Community participation in education (Summer 2019)

[Individual articles from the Summer 2019 issue of Intersections will be posted on this blog each week. The full issue can be found on MCC’s website.]

MCC invests significant resources into providing access to quality education, believing this is a key ingredient for building healthy, sustainable communities. This emphasis aligns with the call for universal primary education in the United Nations’ Millennium Development Goals (2000) and the more recent Sustainable Development Goals (2015), which together reflect a growing consensus that access alone is not enough and a commitment instead to “inclusive and equitable quality education” for all.

Building on a long history of supporting education through placing MCC workers as teachers in schools and paying school fees for individual students, MCC’s approach has gradually shifted toward models that focus more on strengthening local education partners. This shift grows out of an awareness that education—too often imported by colonial powers and beneficial for only a select few individuals—must be shaped and owned by local communities if it is to truly bring positive change at the community level.

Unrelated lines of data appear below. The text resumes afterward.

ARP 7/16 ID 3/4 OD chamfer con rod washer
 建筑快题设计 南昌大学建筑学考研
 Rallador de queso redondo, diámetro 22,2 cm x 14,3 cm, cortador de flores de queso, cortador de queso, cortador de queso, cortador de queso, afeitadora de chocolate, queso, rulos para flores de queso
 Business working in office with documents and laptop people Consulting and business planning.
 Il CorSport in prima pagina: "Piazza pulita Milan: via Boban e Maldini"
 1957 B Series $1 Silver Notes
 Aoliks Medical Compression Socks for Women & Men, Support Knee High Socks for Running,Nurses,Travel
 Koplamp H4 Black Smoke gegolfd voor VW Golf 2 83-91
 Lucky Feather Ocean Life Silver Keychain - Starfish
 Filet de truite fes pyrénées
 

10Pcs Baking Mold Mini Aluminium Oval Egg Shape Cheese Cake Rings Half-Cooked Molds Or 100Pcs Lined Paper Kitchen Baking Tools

This issue of Intersections explores the many ways community participation can make education efforts more effective, accountable, relevant and sustainable. We begin with the important question of how school staff can develop good communication and collaboration with parents and students to reduce the disconnect that often exists between schools and families. Then we dig deeper to see how formal structures like school management committees or oversight committees can give community members an active role in making decisions about school priorities, holding teachers accountable and managing financial and other resources that can be leveraged to improve student learning. We also look at one partner’s experience with supporting community-led models for early childhood education and examine the importance of the community’s role in child protection. Finally, we learn from a tribal school in Odisha, India, about how Indigenous community ownership at the deepest level can shape a school’s ethos and identity and ultimately make the difference between education being a tool of oppression imposed by a dominant culture or the tool of community empowerment that we aspire for it to be.

Lynn Longenecker is MCC’s education coordinator.